_Problem details_:
What you return should be only the lines in the entries below between the one holding "Фото Галина Савинич" and the one holding "Lote/Terreno à venda, 150m²", ends included, with every picture left out.

** Provided material follows **

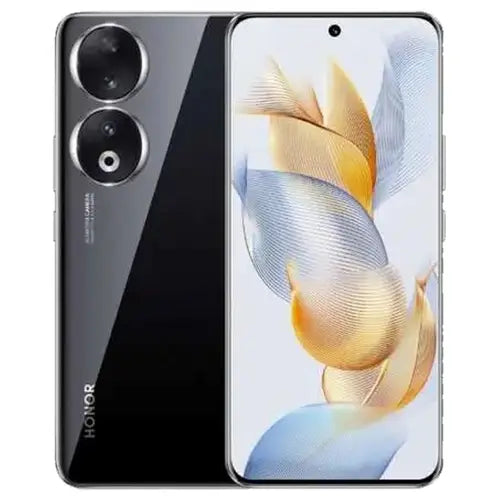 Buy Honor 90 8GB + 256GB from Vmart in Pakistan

** End of Provided material **
** Provided material follows **

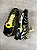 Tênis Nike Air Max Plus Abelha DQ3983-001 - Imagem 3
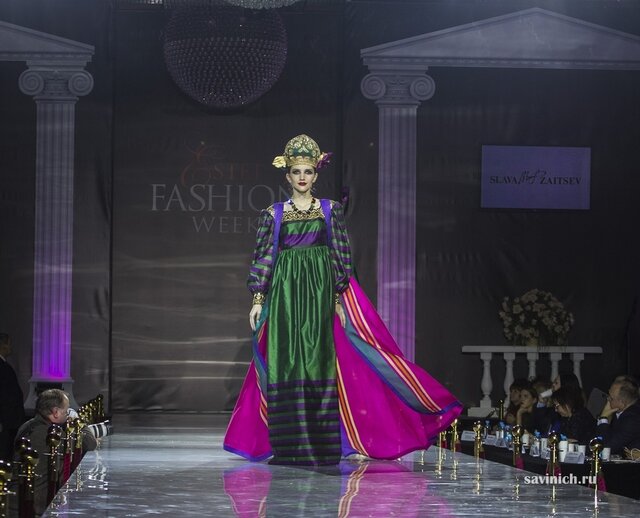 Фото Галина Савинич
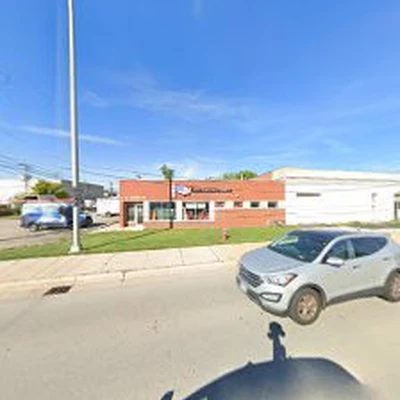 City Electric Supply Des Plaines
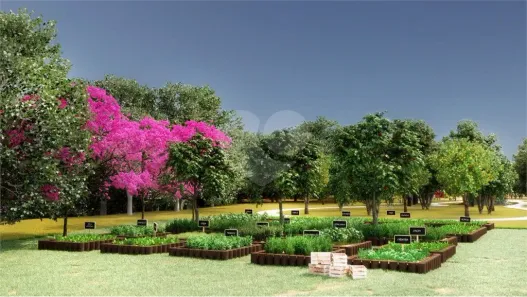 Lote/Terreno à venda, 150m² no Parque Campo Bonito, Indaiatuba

** End of Provided material **

_Output of the task_:
 Фото Галина Савинич
 City Electric Supply Des Plaines
 Lote/Terreno à venda, 150m² no Parque Campo Bonito, Indaiatuba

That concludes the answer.